Regarding recent aspersions on the accuracy of his history, the Ajie doubts whether Orakwue has gotten “his own version right from his ancestors”, states that “none of us can claim to be an authority in an unwritten history of Onitsha,” and infers therefore that questions of truth must be worked out among a “reading public”, over such questions as:9
“Whether there was a king called Eze-Dei and whether the word ‘Dei‘ does not mean a prince and the man Dei a prince from Aboh Chima who having fallen out with his people sought for shelter and settled with his kith and kin in Onitsha Chima.”
(The definite cultural distinctiveness of Umu-Dei was another of the many ambiguous cultural features of various sub-groups within Ndi-Onicha There were very prominent Umu-Dei in Oguta town (which has a strong Ndi-Olu connection with Onitsha), for example.) 10
He then attacks the doctrine that Umu-Olosi are “Daughters” of the Royal Clan, pointing out that in ordinary burials the Daughters of the lineage are not the ones who prepare the grave and bury the dead (in fact, the Umu-Ilo “Youths of the Village Square” do these tasks). And why do Umu-Olosi,share Ozo title money with the people of Isiokwe, he inquired; is that something that Daughters do?11
The Ajie concludes his rebuttal by arguing that:
“the name ‘Ugbum’ and the idea that Umu-Olosi are Daughters to the Umu-EzeAroli were mere propaganda stunts originated by late Chima of Ogbe-Ndida (“Low Village”) during the protracted land case of 1914 to 1918 between Iru Obodo Eze and Children of King Aroli. Prior to this there were no such insinuations.”
In sum the Second Minister’s reply continues to (1) legitimize the importance of the Royal Clan meetings while (2) countering Orakwue’s aspersions against his Umu-Olosi genealogy with a tit-for-tat exposé of Orakwue’s own major village, Umu-Dei”, by proffering the well known claim that their founder was a refugee prince from Aboh (thus implying that their claims on Onitsha kingship are not first rate), and (3) defending his own group with the claim that the “Daughter”status attribution to Umu-Olosi is a recent vintage fabrication and inconsistent with relevant culture-pattern facts.

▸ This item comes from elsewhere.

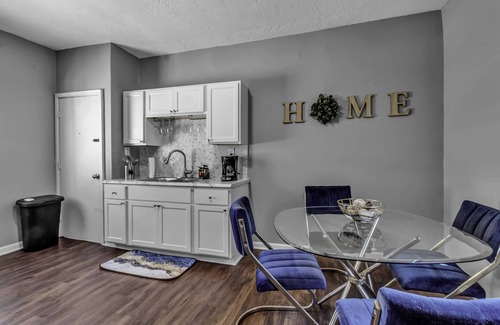 Allentown Appartement | ⭐CHIC BEAUTY IN ALLENTOWN HEART OF THE CITY ⭐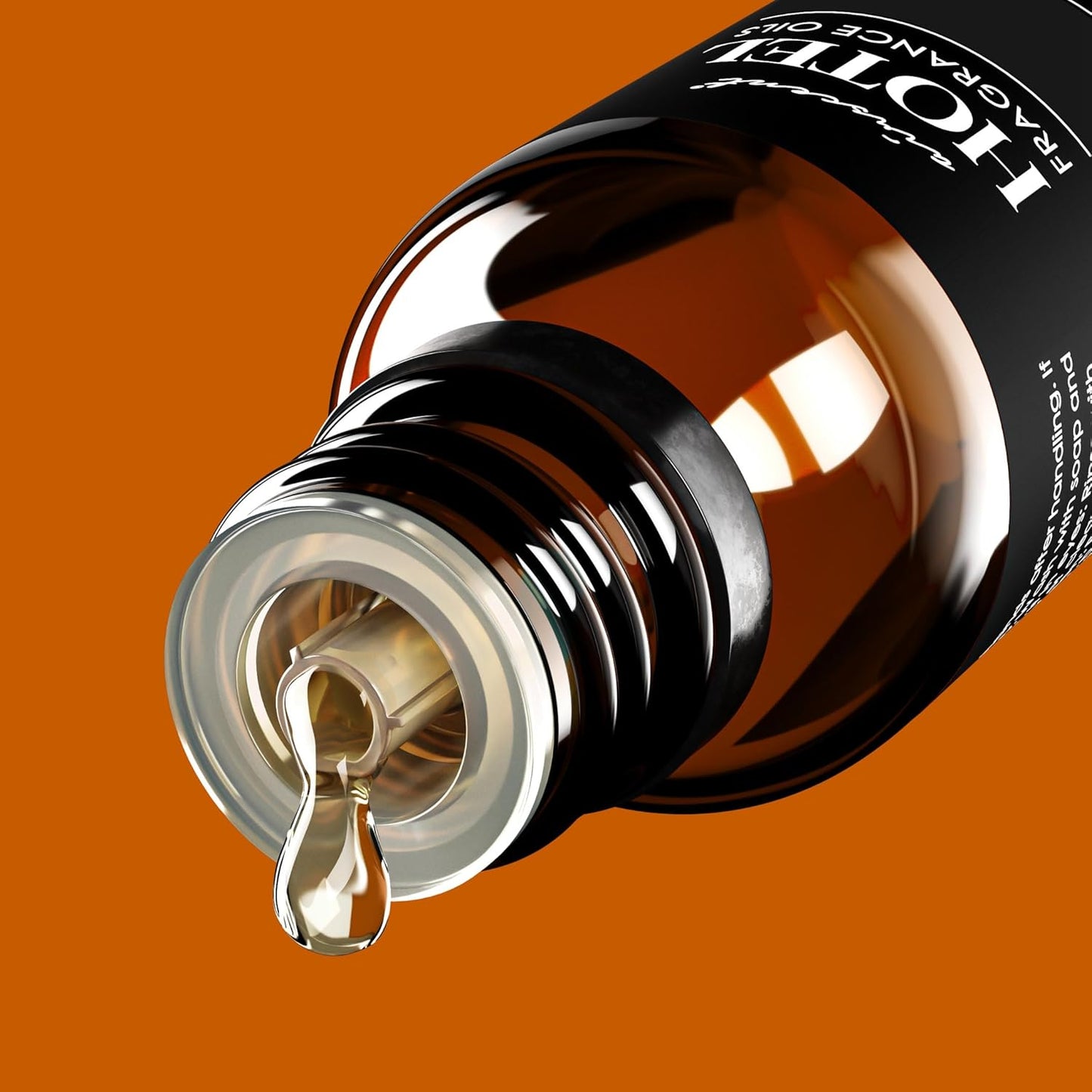 AirScent My Way Diffuser Oil Inspired by The 1 Hotel Miami Scent - Premium My Way Fragrance Oil Blend for Ultrasonic and Waterless Diffusers and Crafting - 10 mL, 0.34 fl oz Glass Dropper Bottle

4. Some tactics of renegotiating oral traditions
These interchanges between the Ajie and Jerry Orakwue nicely illustrate how Onitsha people construct and manipulate oral traditions to make legalistic briefs concerning contemporary social legitimacy and rights. Each writer employs a point-for-point logical reasoning between each putative incident in the oral tradition and contemporary custom in order to judge the validity of his opponent’s narrative. For example, the Ajie argues that if the Umu-Olosi were actually “Daughters” of the Royal Clan, they would perform exactly the same roles as do Daughters in Onitsha descent groups, whereas in their actual roles of burying the king they also do tasks that are in normal funerals assigned to the Village Youths. Orakwue argues that if Iru, the putative eldest son of King Obodo, was in fact entitled to “the king’s property” after his death as the Ajie had claimed, why then did not Iru succeed his father as king? Why did a man from Oke-BuNabo succeed instead?

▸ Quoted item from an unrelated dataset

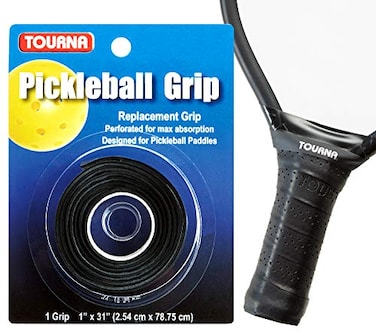 Tourna TOURNA Pickleball Paddle Grip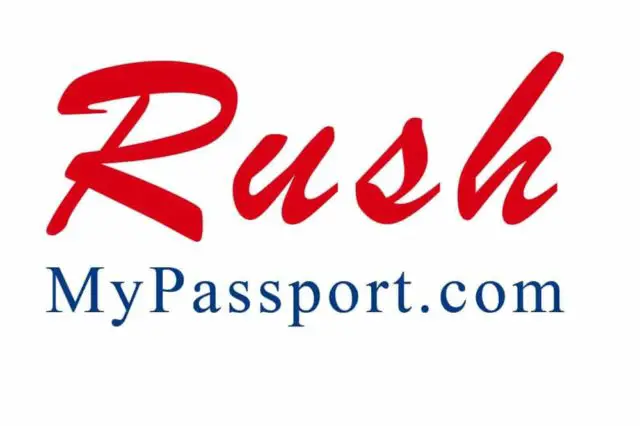 Rush My Passport Affiliate Program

Thus the interpretive procedure is in each case to trace the opponent’s narrative along lines of strictly literal logical consistency with a specific traditional feature, until some discrepancy is found with current cultural practices, and then discount the narrative in light of the discrepancy. This appears to be an effective tactic in some cases, for example where Orakwue asks who are the other children of Iru if Iru was the “senior son” of Obodo, and why do Umu-Olosi and Isiokwe share Ozo title money apart from those of Eze-Aroli (if the “Children of Obodo” are separated from both of them). The Ajie does not reply. It is less effective where the cake of custom is demonstrably quite complex and ambiguous for example, where Orakwue asks why Iru the son of King Obodo did not succeed him (since there are plenty of accepted accounts of lateral succession in the oral tradition), and where Orakwue cites examples of other senior chiefs besides the Ajie‘s grandfather performing Emergence festivals in competition with their kings. In both cited cases one might readily make a different interpretation of the examples than his.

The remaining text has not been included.